La Transición energética em la América latina e sus desafios económicos

Por: Ednilson Carlos da Silva

Los glandes desafios en la América latina para la transición energética

En los últimos años, la transición energética se instaló en el centro de la discusión pública global; América Latina no fue la excepción. Cambiar progresivamente fuentes fósiles —petróleo, gas y carbón— por alternativas renovables como la solar, la eólica, la hidroeléctrica o la biomasa no es solo una cuestión técnica: es una decisión política y social que definirá el rumbo de la región en las próximas décadas.

La meta es doble y clara: reducir las emisiones de gases de efecto invernadero y sentar las bases de un desarrollo más sostenible y equitativo. Pero entre la intención y la puesta en práctica existe un tramo lleno de fricciones. Obstáculos estructurales, restricciones financieras y tensiones sociales ponen freno a proyectos que, en el papel, parecen prometedores.

América Latina también es una de las zonas más vulnerables al cambio climático. Sequías prolongadas, ciclones más intensos y la pérdida de biodiversidad ya golpean a comunidades urbanas y rurales. En respuesta, varios países han suscrito acuerdos internacionales —entre ellos el Acuerdo de París— y han presentado planes de descarbonización. Sin embargo, la distancia entre los compromisos y las acciones concretas sigue siendo amplia en muchos casos.

Hay ejemplos que inspiran: Uruguay logró que casi toda su matriz eléctrica provenga de fuentes renovables gracias a una planificación continua y a la cooperación público-privada. El Foro Económico Mundial destaca ese avance y recoge que el país alcanzó niveles de generación limpia que lo colocan entre los líderes globales (World Economic Forum, 2023). Chile, por su parte, ha sabido capitalizar el potencial solar del Desierto de Atacama y avanza también en proyectos de hidrógeno verde con ambiciosas metas de capacidad electroquímica (Reuters, 2024). Brasil, con su vasta hidroeléctrica, sigue siendo un actor clave, aunque las grandes represas han suscitado debates por sus impactos sociales y ambientales.

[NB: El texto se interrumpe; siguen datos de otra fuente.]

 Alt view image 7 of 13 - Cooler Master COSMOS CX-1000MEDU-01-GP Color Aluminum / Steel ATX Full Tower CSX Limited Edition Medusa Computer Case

No todos los casos son positivos: naciones como Venezuela, Bolivia o Ecuador mantienen una fuerte dependencia de la explotación de hidrocarburos, lo que tensiona su estabilidad fiscal y sus compromisos climáticos. Y en sitios como Colombia proyectos eólicos prometedores se han visto frenados por cambios regulatorios, conflictos locales y deficiencias en la infraestructura de la red (Associated Press, 2024). Es una realidad que muestra cómo la transición no es solo cuestión de tecnología disponible, sino de marcos jurídicos, gobernanza y aceptación social.

La transición demanda más que inversión: exige voluntad política sostenida, regulaciones claras y condiciones que atraigan inversión privada responsable. También requiere formación de mano de obra cualificada, innovación tecnológica y la reconfiguración de sectores productivos enteros. En muchos gobiernos la urgencia por atender problemas inmediatos —deuda, inflación, desempleo— compite con la visión de políticas de largo plazo, y eso ralentiza los procesos.

Un elemento imprescindible es la justicia energética. No se trata únicamente de cambiar fuentes: debe garantizarse que los beneficios lleguen a todos. Comunidades indígenas, trabajadores de la industria fósil y poblaciones rurales deben ser parte de la planificación y del monitoreo. El acceso universal a la energía, el respeto por los derechos humanos y la prevención de nuevos modelos extractivistas tienen que estar en el centro de cualquier estrategia. El Banco de Desarrollo de América Latina (CAF) advierte sobre el “triple desafío”: avanzar en la transición sin sacrificar crecimiento ni agravar desigualdades (CAF, 2023). En varios países, como Colombia o Paraguay, una porción importante de la población rural todavía depende de leña para cocinar y calefaccionarse; esa realidad pone de manifiesto la necesidad de políticas inclusivas y sectoriales.

Si algo queda claro es que América Latina enfrenta una oportunidad histórica: transformar su matriz energética puede ser una palanca para mitigar la crisis climática, reducir vulnerabilidades externas y promover un modelo económico más resiliente e inclusivo. Para eso se necesitan liderazgo político, cooperación internacional inteligente, inversión en tecnología y, sobre todo, participación ciudadana.

Ignorar este imperativo sería pagar un precio alto: no solo en términos ambientales, sino en bienestar social y estabilidad económica. La transición bien hecha puede traer empleos calificados, menor dependencia externa y comunidades más seguras; mal gestionada, puede profundizar conflictos y desigualdades.